ASSIGNMENT. Output the opening lines of the records exactly. End with the line that contains "32 ألف طفل سنويا يصابون بالسل المقاوم".

====

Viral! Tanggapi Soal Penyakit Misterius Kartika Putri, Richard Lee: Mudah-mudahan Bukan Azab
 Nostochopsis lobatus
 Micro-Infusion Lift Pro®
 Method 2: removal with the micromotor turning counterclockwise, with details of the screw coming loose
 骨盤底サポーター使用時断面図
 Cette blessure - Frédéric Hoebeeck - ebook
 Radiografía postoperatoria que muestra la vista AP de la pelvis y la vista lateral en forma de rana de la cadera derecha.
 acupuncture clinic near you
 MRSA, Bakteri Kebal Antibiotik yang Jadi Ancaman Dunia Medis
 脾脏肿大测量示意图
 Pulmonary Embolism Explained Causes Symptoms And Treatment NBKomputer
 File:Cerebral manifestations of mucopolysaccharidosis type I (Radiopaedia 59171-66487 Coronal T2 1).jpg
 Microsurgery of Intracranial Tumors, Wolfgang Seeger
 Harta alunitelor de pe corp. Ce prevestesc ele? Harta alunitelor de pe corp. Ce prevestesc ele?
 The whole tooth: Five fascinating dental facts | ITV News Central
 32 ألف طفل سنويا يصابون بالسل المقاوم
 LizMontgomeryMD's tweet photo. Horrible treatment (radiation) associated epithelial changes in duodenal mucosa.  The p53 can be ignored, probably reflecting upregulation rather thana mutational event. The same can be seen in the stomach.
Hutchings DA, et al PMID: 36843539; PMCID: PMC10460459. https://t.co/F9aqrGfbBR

====

REPLY.
Viral! Tanggapi Soal Penyakit Misterius Kartika Putri, Richard Lee: Mudah-mudahan Bukan Azab
 Nostochopsis lobatus
 Micro-Infusion Lift Pro®
 Method 2: removal with the micromotor turning counterclockwise, with details of the screw coming loose
 骨盤底サポーター使用時断面図
 Cette blessure - Frédéric Hoebeeck - ebook
 Radiografía postoperatoria que muestra la vista AP de la pelvis y la vista lateral en forma de rana de la cadera derecha.
 acupuncture clinic near you
 MRSA, Bakteri Kebal Antibiotik yang Jadi Ancaman Dunia Medis
 脾脏肿大测量示意图
 Pulmonary Embolism Explained Causes Symptoms And Treatment NBKomputer
 File:Cerebral manifestations of mucopolysaccharidosis type I (Radiopaedia 59171-66487 Coronal T2 1).jpg
 Microsurgery of Intracranial Tumors, Wolfgang Seeger
 Harta alunitelor de pe corp. Ce prevestesc ele? Harta alunitelor de pe corp. Ce prevestesc ele?
 The whole tooth: Five fascinating dental facts | ITV News Central
 32 ألف طفل سنويا يصابون بالسل المقاوم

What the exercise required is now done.